▸ Problem to solve
Could every line below be transcribed exactly, with the pictures dropped?

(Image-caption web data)
= Beginning of Section =
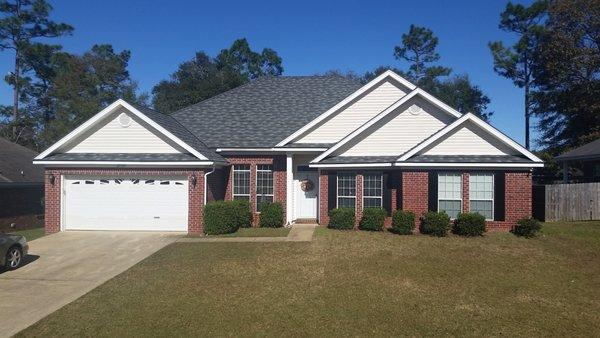 Asphalt Shingle Roof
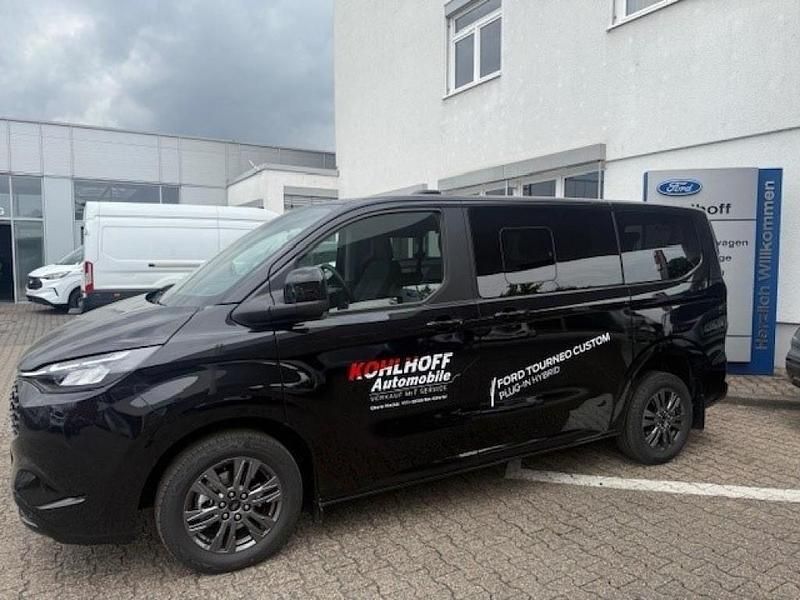Gebraucht Ford Tourneo Custom 232 PS (170 kW) 2025 Schwarz Van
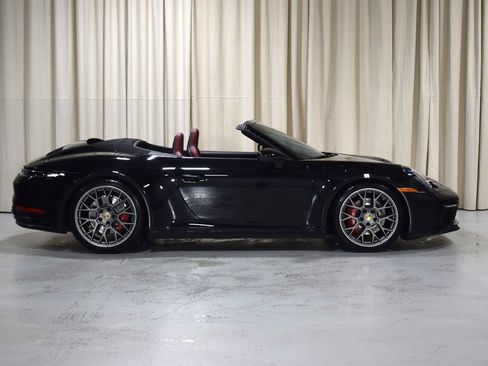 Used 2024 Porsche 911 Carrera 4S image 15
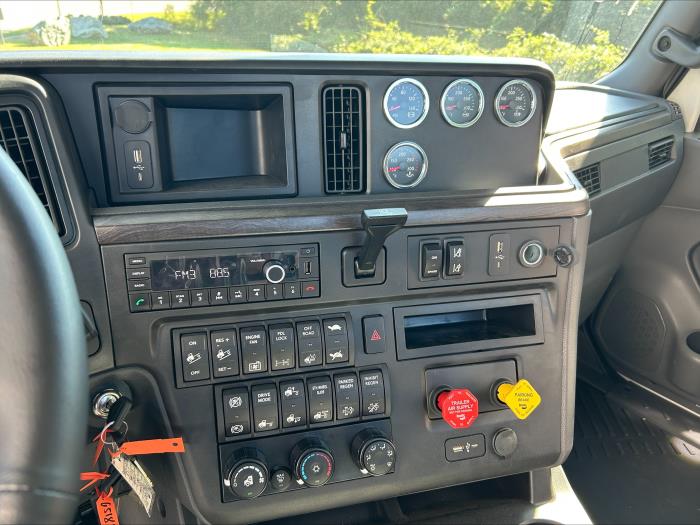 2026 International LT625 LT photo 2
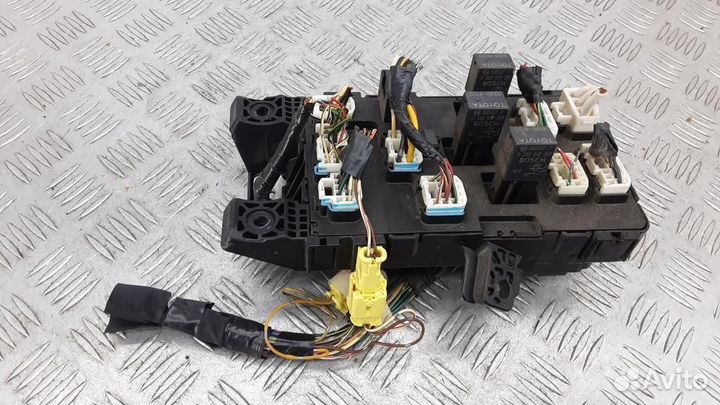 Блок комфорта Toyota Avensis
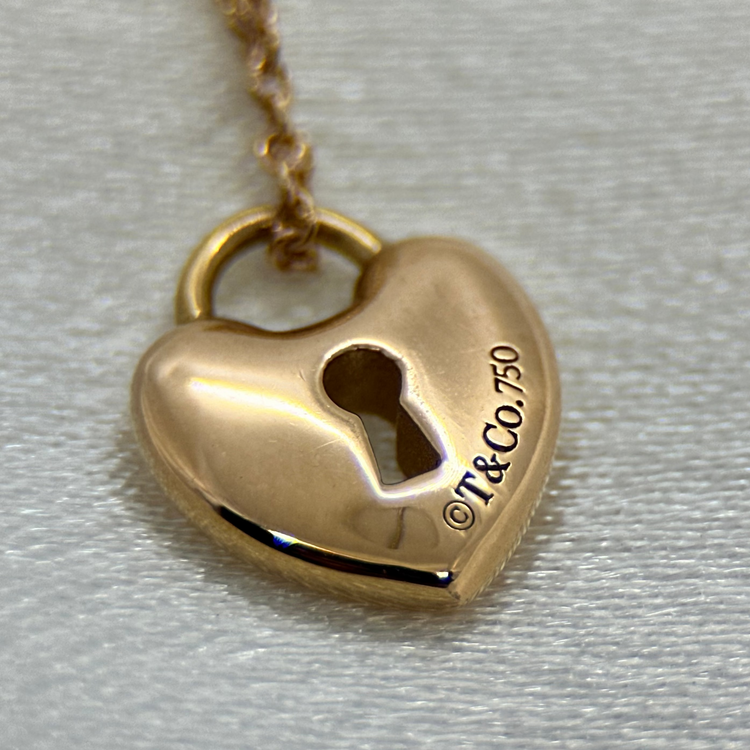 Tiffany & Co halsband med hängsmycke - 41cm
= End of Section =
▸ Response to this exercise
 Asphalt Shingle Roof
Gebraucht Ford Tourneo Custom 232 PS (170 kW) 2025 Schwarz Van
 Used 2024 Porsche 911 Carrera 4S image 15
 2026 International LT625 LT photo 2
 Блок комфорта Toyota Avensis
 Tiffany & Co halsband med hängsmycke - 41cm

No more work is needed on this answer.